AIM OF THE EXERCISE ->
Each line of the records below that includes "Block" adds one to the count; state the final count by itself.

EXERCISE DATA ->
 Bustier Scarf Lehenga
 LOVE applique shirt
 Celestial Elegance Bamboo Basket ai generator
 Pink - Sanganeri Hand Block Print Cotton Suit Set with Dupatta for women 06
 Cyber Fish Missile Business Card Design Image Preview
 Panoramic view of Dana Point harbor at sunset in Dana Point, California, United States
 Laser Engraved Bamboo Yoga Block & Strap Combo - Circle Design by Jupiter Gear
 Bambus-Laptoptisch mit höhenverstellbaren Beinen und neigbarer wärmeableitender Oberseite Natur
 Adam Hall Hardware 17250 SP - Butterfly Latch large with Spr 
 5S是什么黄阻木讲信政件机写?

WORKED SOLUTION ->
2